Second Should: School nutrition programs should reduce food waste. Ok – but where are we supposed to do composting in an urban setting? Can you imagine large piles of food around schools in one of our largest cities? Who is educating students about the need to waste less and the impact of food waste? When USDA requires a ½ cup of fruit or vegetable on the tray, whether the student is interested in eating it or not – who “should” be responsible for the untouched fresh fruit or cupped applesauce in the trash can?
Third Should: School nutrition programs should include a list of value statements in their procurement documents. Ok – but school nutrition programs only have $3.60 for five food components, labor, benefits, utilities, and supplies. We believe in all of the value statements but who is going to pay the cost for that food? Schools operate on a low bid system. What we are experiencing now is the impact of zero responses to the food procurement bids. The value statement issue is the cart before the horse. Where are the federal and state regulations that incorporate the value statements into what it takes food growers and processors to do business in the state or throughout the country?
Fourth Should: School nutrition programs should do more scratch cooking. Ok – this is the best one of all. Really – let’s make spaghetti sauce from scratch with no cooler, freezer, or kitchen equipment. It would be great in a fair and equitable world, but who is advocating for schools (particularly in underserved communities) to have production kitchens and/or updating the ancient ones that were built in 1920. When staff need to come in at 5 a.m. to get an old oven turned on so you can use it to bake by 9:00 a.m. and the walk-in cooler is a block away, sitting outside, we are kidding ourselves about scratch cooking. Let’s invest in school kitchens before we start saying schools “should” do more scratch cooking. This is an elitist idea that is not obtainable in an equitable manner across all schools.

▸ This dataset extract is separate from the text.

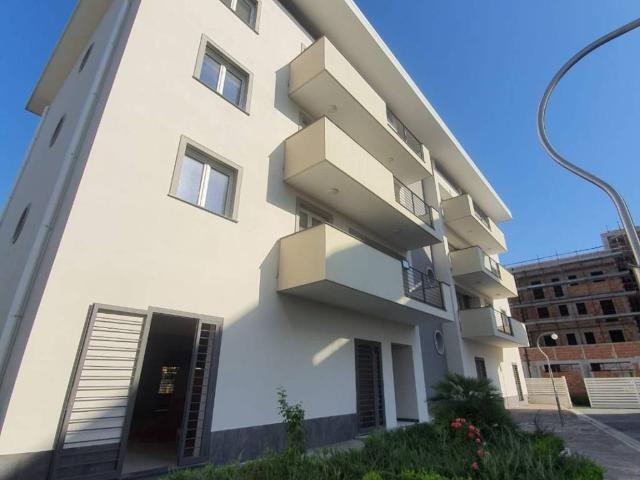 Appartamento in vendita a Sant'arpino, Campania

So, as you can see, I am tired, frustrated, and full of “shoulds”. This usually happens when organizations convene and have discussions without a school nutrition practitioner at the table. Maybe that is the biggest “should” of all, bring us to the table when you want to discuss what can be done to move school nutrition programs progressively along. We are a big part of the solution for anti-hunger, reducing food waste, environmental issues, increasing healthy food consumption, and many other issues but we must be at the table for these discussions. You “should” include the school nutrition practitioners in your initiatives.